Сообщается, что первые асфальтовые тротуары появились в Москве  в 1876 г., асфальтом были покрыты участки на Тверской улице (хотя верноподданный источник упоминает асфальт на московских улицах уже в 1840-х гг., неизвестно, насколько он заслуживает доверия, поскольку в нем подмечается безукоризненная чистота площадей, да и вообще труд посвящен вице-губернатору). Задолго до этого в прессе велась агрессивная рекламная кампания о приеме заказов на мостовые с толщиной асфальтового слоя 2 дюйма  (фундамент толщиной 6 вершков – 3 вершка бетону и 3 вершка песку). Примерную стоимость этих работ можно прикинуть по ставке на устройство тротуара – при толщине асфальтового слоя 1 дюйм и «с бортом из полужелезняка кирпича, подзор обыкновенный булыжный, без добавки камня» 1 кв. сажень обходилась в 24 рубля (что было сопоставимо со стоимостью коровы). Кроме того, уже к концу XIX в. начали вскрываться недостатки асфальтовых мостовых. Знающие люди обращали внимание на то, что в гололедицу они нередко провоцируют падение лошадей, а летом «от жгучих солнечных лучей мостовая иногда размягчается настолько, что на ней остаются следы от колес и удара копыт». Поэтому мастера предупреждали, что лошади должны иметь «плоские подковы без шипов», с чем власти соглашаются по сей день.

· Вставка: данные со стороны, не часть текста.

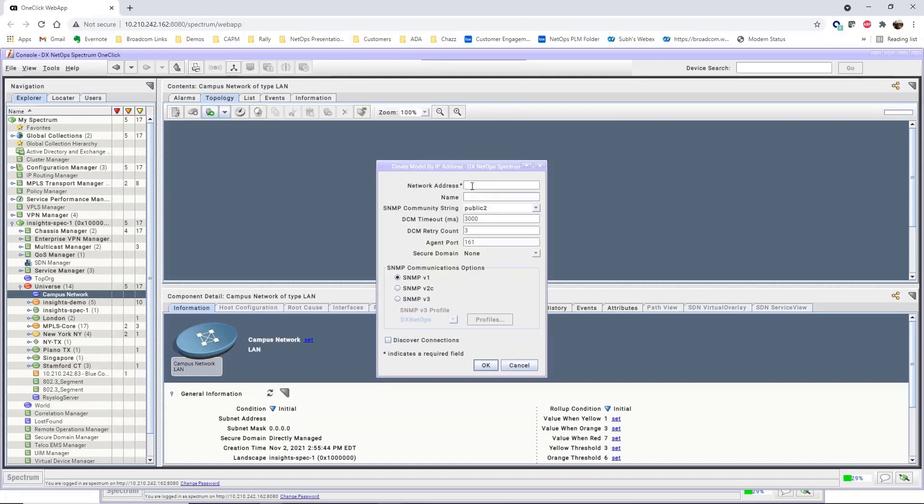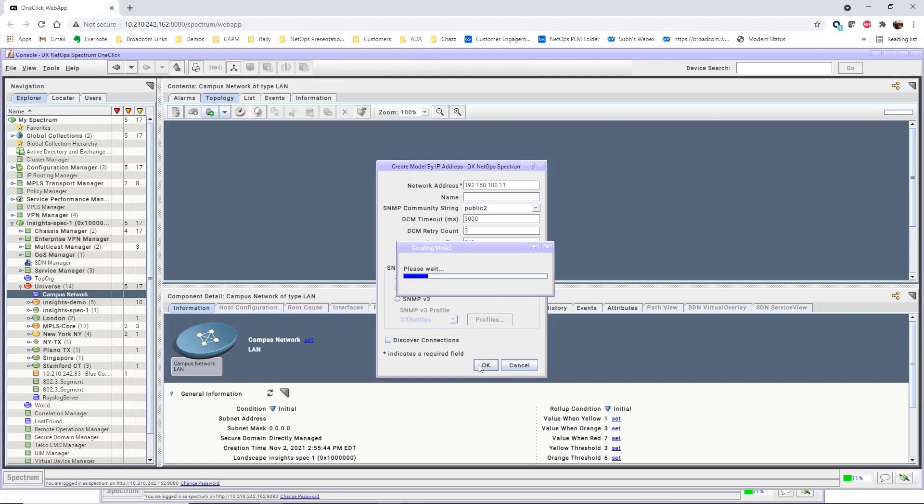In the Network Address field, specify the IP address you want to discover. To keep this example simple, we'll use the defaults for discovery, and click OK to discover the device.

Несмотря на все усилия частного капитала, по не зависящим от него причинам к началу XX в. только треть московских набережных была вымощена дикарным или бутовым камнем, а две трети «совсем не одеты». В 1908 г. 20% московских улиц не были замощены, и это, безусловно, представляло не худший, а один из лучших показателей Российской империи (7 губернских центров и свыше 100 городов не имели ни метра мостовой). Поскольку самодержавие не слишком нуждалось в дорогах, вполне естественно, что проблему пришлось решать совсем другому правительству и на иных условиях.